We’ve all done it: used the L-word in reference to a certain favorite brand. The common assumption is when we say "I love Coke" (or whatever product we fancy), we’re using love as a lazy stand-in for whatever true, presumably lesser emotion we’re feeling—"contributing to the trivialization of the word," as Don Draper once vented. But what if consumers who say they love a brand actually mean it with the same emotional intensity they do when referring to a beloved person?
It’s a "vital question" that a research trio from Bergische University Wuppertal in Germany, led by marketing scholar Tobias Langner, recently tried to answer. True to Don’s instinct, Langner and colleagues concluded by way of several measures that interpersonal love is far more intense than brand love. No big surprise there, but the work did lead to an unexpected discovery: brands might not pack the emotional punch of a loved one, but they do produce similar feelings to someone we like.
"The emotionality evoked by loved brands is just as intense as that evoked by a close friend," report Langner and company in the journal Psychology and Marketing. "Moreover, consumers experience emotions in a brand love relation that are even more positive than those evoked in close, interpersonal liking relationships."
The researchers first approached the question with structured interviews of 60 study participants about brands and people they loved and liked. They noticed some similarities in the way participants discussed humans and items: those that were loved felt indispensable, triggered caretaking instincts, and enhanced a moment or experience. But beloved brands were described in rational, highly reciprocal terms—the good had to give something back to the consumer—whereas interpersonal love could be selfless and emotionally one-sided.
Both brands and people did produce positive emotions, but even the strongest brand love didn’t meet the extremes of person love. When independent coders analyzed the interviews for emotional statements, they found emotions present in every single accounts of an interpersonal love relationship. The same was only true for 90% of "close friend" relations, and 83% of "brand love" relations. (The figure was 67% for brands we merely like.)
"Compared with their motivations for interpersonal love, consumers are more driven by rational benefits when they love a brand," write Langner et al. "Although interpersonal relations might be benefit-driven too, the anticipated benefits in interpersonal relations tend to be emotional in nature."
The problem with relying on interviews about love is that, almost by nature, it’s a difficult emotion to articulate. So as a follow-up study, the researchers went straight to the feelings themselves. They recruited 20 test participants in committed relationships and showed them a series of pictures: the romantic partner, a good friend, a brand they claimed to love, and a similar product they just liked. The researchers captured skin arousal measures via electrodes during the viewing, and later performed an emotional assessment designed to gauge intensity and positivity.
The physiological tests confirmed what the interviews had suggested. When participants saw a picture of a loved person, they felt significantly more intense emotions than when they saw their fave brand, as indicated by skin arousal and emotional assessment. Loved ones made us all tingly; loved things, a little less so. "Thus … interpersonal (romantic) love and brand love constitute different emotions," they conclude.

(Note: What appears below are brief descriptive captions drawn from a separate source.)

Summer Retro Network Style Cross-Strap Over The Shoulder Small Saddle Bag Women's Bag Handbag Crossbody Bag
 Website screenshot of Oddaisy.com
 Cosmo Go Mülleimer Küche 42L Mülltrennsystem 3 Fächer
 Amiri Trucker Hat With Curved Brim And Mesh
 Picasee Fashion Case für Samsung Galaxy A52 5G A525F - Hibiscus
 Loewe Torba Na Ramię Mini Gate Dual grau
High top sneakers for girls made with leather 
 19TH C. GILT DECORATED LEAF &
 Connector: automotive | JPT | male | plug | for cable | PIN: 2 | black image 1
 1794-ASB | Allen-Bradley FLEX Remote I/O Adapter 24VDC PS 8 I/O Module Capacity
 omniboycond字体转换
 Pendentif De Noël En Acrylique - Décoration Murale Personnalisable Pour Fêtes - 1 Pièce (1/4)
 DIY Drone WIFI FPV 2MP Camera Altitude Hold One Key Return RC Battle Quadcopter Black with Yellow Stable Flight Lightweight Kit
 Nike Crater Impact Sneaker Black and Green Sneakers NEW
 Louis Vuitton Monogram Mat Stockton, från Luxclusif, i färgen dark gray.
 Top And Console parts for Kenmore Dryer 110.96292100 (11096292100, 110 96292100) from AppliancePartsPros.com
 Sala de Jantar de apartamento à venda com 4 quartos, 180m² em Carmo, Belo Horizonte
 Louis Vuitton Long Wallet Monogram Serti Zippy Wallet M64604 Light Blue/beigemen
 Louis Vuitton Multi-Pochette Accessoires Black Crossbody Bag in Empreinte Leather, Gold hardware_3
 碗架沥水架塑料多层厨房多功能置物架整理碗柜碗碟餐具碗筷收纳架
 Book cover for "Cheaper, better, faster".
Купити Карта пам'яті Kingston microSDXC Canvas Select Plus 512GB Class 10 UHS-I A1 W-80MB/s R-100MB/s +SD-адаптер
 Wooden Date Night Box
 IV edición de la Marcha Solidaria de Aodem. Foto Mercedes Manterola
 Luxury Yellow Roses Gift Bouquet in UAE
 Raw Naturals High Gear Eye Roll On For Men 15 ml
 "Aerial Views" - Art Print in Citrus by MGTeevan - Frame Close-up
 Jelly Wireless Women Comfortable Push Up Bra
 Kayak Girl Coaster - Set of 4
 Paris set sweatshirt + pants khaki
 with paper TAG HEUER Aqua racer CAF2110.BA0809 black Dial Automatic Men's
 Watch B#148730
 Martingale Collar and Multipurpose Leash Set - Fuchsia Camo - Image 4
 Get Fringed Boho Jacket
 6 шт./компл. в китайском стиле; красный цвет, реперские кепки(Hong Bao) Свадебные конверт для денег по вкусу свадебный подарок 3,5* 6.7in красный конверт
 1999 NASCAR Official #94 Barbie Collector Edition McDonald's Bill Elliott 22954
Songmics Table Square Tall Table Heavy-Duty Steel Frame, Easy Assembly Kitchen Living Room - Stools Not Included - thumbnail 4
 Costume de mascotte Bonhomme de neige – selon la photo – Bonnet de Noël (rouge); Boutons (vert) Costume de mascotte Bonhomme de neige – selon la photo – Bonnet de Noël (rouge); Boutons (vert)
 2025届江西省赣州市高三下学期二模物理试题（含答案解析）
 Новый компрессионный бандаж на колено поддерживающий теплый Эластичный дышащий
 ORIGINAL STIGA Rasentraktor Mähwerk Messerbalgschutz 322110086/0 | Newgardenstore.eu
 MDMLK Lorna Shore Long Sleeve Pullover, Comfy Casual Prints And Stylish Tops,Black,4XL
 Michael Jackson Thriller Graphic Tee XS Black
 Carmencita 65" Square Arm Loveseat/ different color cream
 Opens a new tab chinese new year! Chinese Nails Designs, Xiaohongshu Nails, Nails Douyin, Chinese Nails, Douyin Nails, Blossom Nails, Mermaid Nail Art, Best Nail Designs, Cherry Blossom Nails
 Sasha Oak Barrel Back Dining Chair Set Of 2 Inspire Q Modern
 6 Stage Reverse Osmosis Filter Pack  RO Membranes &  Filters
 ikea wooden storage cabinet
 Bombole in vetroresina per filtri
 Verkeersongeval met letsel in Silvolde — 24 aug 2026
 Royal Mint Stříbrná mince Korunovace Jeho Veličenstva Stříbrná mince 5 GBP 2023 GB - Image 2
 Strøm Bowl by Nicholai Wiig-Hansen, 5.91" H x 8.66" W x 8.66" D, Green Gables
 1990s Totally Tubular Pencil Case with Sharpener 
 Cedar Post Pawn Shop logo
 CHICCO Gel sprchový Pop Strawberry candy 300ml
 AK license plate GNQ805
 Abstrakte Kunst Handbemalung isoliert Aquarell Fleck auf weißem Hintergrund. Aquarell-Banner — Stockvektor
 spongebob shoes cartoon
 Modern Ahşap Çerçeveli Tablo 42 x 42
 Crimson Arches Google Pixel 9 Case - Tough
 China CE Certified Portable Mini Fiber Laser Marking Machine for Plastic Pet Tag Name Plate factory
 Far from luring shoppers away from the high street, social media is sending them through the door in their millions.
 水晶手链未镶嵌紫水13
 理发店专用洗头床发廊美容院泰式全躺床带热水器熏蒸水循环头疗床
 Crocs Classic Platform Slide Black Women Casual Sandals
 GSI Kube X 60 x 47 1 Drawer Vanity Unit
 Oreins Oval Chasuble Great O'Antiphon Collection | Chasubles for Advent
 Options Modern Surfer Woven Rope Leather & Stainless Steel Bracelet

But the surprise came when the researchers compared responses to beloved brands with those of close friends. They found no measurable difference in terms of skin arousal, nor in terms of emotional intensity. And on the positivity assessment, the loved brand actually produced warmer vibes than a good pal did. "Thus," they write, "the assumption that close interpersonal relations generally evoked more positive emotions than brand relations was not confirmed." (As expected, emotional arousal, intensity, and positivity for a loved brand were all greater than for a liked brand.)
The researchers consider some of their results preliminary. Both studies, but especially the bodily test, had fairly small sample sizes. Actual contact with people or brands might have elicited different physiological responses than the pictures did. And the terms like and love remain not only relative from person to person but variable within an individual.